The letter explains the unique risks for TGNCNBI people in custody:
The New York City Board of Correction (BOC) has called for the release of all people in DOC custody with underlying health conditions, including lung disease, heart disease, diabetes, cancer, or a weakened immune system…
For TGNCNBI people in particular, discrimination in accessing health care and insurance, and the historical lack of coverage for medically necessary care that has been previously authorized by law have had long-term impacts on the community’s overall health. Discrimination in employment, education, housing, and many other areas means that TGNCNBI people face exacerbated corresponding healthcare concerns.
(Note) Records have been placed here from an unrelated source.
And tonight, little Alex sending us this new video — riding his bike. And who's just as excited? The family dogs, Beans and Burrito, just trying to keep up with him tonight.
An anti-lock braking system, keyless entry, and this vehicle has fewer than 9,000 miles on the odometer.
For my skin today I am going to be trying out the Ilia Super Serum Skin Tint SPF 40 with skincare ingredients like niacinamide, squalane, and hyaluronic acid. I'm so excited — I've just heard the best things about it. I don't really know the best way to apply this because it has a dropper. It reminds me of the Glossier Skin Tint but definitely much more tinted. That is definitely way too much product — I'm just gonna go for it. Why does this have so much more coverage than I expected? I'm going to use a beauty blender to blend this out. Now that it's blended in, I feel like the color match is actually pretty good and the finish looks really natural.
Likewise, as recognized by CHS Associate Director Dr. Hai, the increased anxiety and tension surrounding the pandemic only increases the already high risk of abuse TGNCNBI persons face ordinarily. It is important to remember that recorded medical conditions and age are not the only factors placing someone at risk during this time. Other factors such as vulnerability to physical and sexual abuse, access to outside support and phone calls, and likelihood of being placed in restricted housing (whether protective, disciplinary, or as a result of staffing concerns) often hinder the ability of TGNCNBI people to access mental and medical healthcare.
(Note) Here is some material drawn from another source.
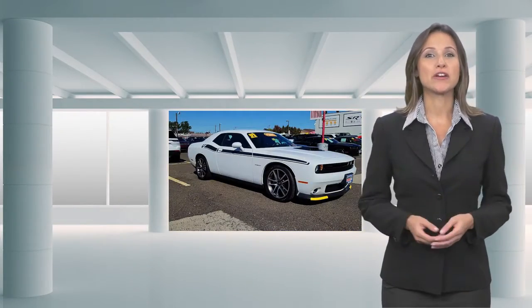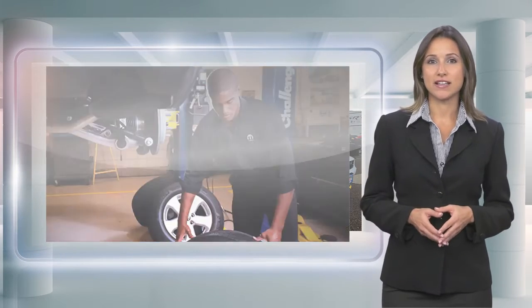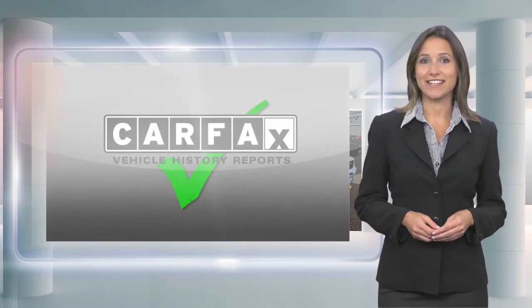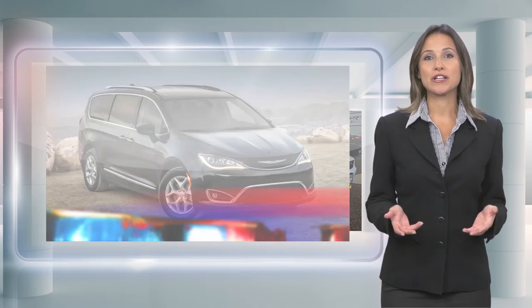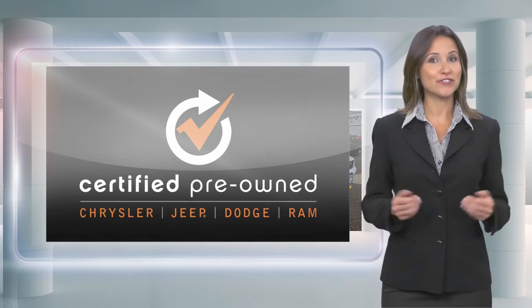Every Chrysler certified pre-owned vehicle will go the distance. Our certified vehicles pass a stringent certification process that guarantees only the finest late-model vehicles become certified. With a Chrysler certified pre-owned vehicle, you have far more than just a used vehicle. You're certified.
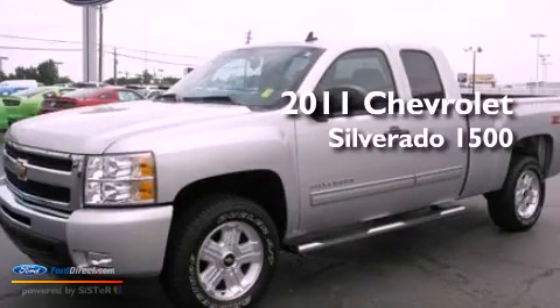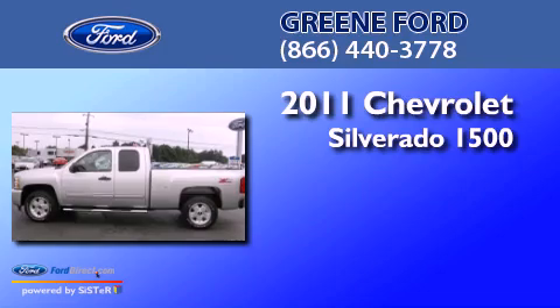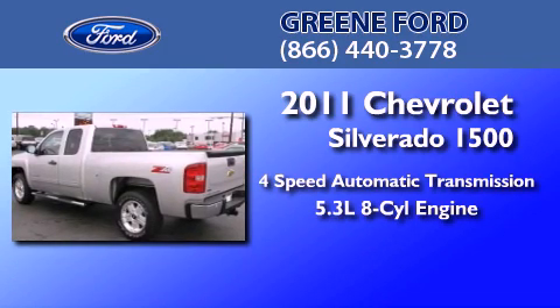This is a 2011 Chevrolet Silverado 1500. This truck has a 4-speed automatic transmission and a 5.3-liter V8.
Accordingly, we ask that you consider the heightened vulnerabilities – medical, social, and structural – faced by TGNCNBI individuals while in custody during this crisis. In addition to the underlying conditions a disproportionate number of such individuals manage, there is the very real concern that the facilities will not be able to deliver TGNCNBI-appropriate healthcare for even routine issues.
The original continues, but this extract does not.